How to fill PDF form in Python?

Question

How can I fill a PDF file with forms with data and "flatten" it?

I use pdftk at the moment, but it does not process national characters correctly.

Is there any Python library or example how to fill PDF forms and render it to a non-editable PDF file?

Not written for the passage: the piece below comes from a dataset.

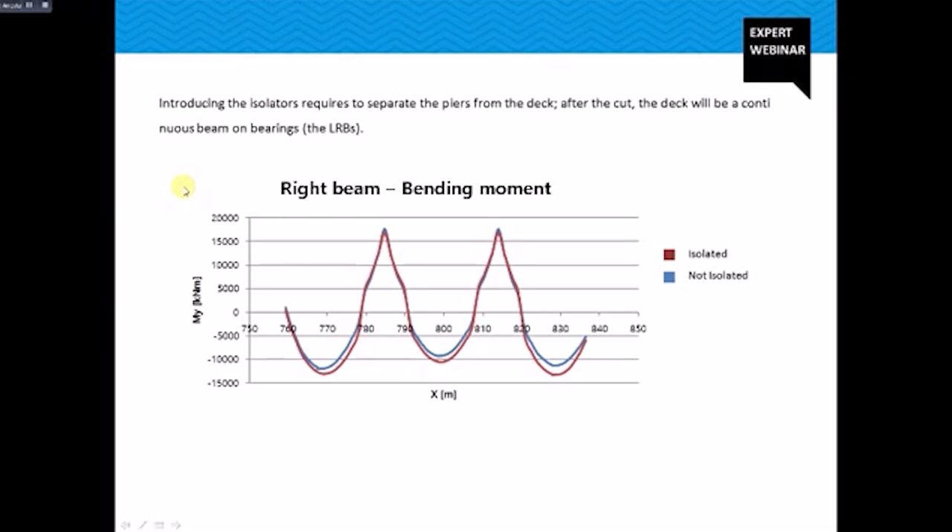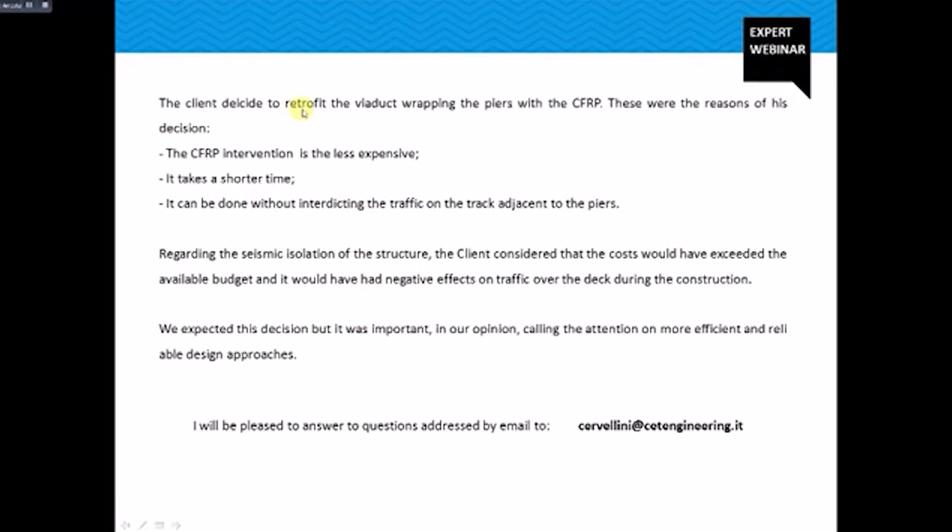The client decided to retrofit the viaduct by wrapping the piers with carbon fiber reinforced polymers. The reasons were: it is the less expensive intervention, it takes a shorter time, and it can be done without interrupting traffic on tracks adjacent to the pier. Regarding seismic isolation, the client considered that the cost would have exceeded the available budget and would have had negative effects on traffic over the deck during construction. We expected this decision, but it was important, in our opinion, to call attention to the more efficient and reliable design approach of seismic isolation. Thank you for your attention and I will be pleased to answer any questions addressed by email. Thank you and goodbye.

I don't understand exactly what you want, but ReportLab is a widely used Python library for PDFs. — Antonis Christofides, Jul 19 '13 at 09:08
Refer to this answer: http://stackoverflow.com/questions/1890570/how-can-i-auto-populate-a-pdf-form-in-django-python — Aakash Anuj, Jul 19 '13 at 09:26
@AntonisChristofides, The OP is asking for an easy way to *flatten* (read merge) form fields with database content. My guess is that he would have the content to print in a Python dictionary and a premade PDF sheet. Anyway, ReportLab - as you suggested - is the way to go, to me at least. — Mathieu Marques, Jul 19 '13 at 09:52

Martin Thoma · Answer 1 · 2023-02-06T22:23:35.370

17

Straight from the pypdf docs (added years after the question was asked):

from pypdf import PdfReader, PdfWriter

reader = PdfReader("form.pdf")
writer = PdfWriter()

page = reader.pages[0]
fields = reader.get_fields()

writer.add_page(page)

writer.update_page_form_field_values(
    writer.pages[0], {"fieldname": "some filled in text"}
)

# write "output" to PyPDF2-output.pdf
with open("filled-out.pdf", "wb") as output_stream:
    writer.write(output_stream)

edited Feb 06 '23 at 22:23

answered May 08 '22 at 11:46

Martin Thoma

124,992
159
614
958

Related issue: https://stackoverflow.com/questions/47288578/pdf-form-filled-with-pypdf2-does-not-show-in-print – Wtower Jan 19 '23 at 10:58
This solution worked great for me. PyPDF2 has been recently updated and seems to be an active project. – Trevor Sullivan Feb 06 '23 at 19:19
3

I'm the maintainer of PyPDF2 and pypdf. I moved PyPDF2 back into pypdf. Only pypdf will receive new features / bug fixes in future. – Martin Thoma Feb 06 '23 at 22:23
@MartinThoma I realised I need to open and save the PDF after filling in, in order to actually save the form, otherwise it remains unsaved, and the changes are not visible when I open it again or copy it. Is this a bug and is there a way around it? – weasel Jun 21 '23 at 10:20
Sounds like a bug, but I also don't quite get it. Do you use the latest version of pypdf? If yes, please open a bug in the bug tracker. If not, please upgrade. We had some improvements regarding forms last week – Martin Thoma Jun 21 '23 at 11:00

score 9 · Answer 2 · answered Mar 26 '21 at 20:36

9

Give the fillpdf library a try, it makes this process very simple (pip install fillpdf and poppler dependency conda install -c conda-forge poppler)

Basic usage:

from fillpdf import fillpdfs

fillpdfs.get_form_fields("blank.pdf")

# returns a dictionary of fields
# Set the returned dictionary values a save to a variable
# For radio boxes ('Off' = not filled, 'Yes' = filled)

data_dict = {
'Text2': 'Name',
'Text4': 'LastName',
'box': 'Yes',
}

fillpdfs.write_fillable_pdf('blank.pdf', 'new.pdf', data_dict)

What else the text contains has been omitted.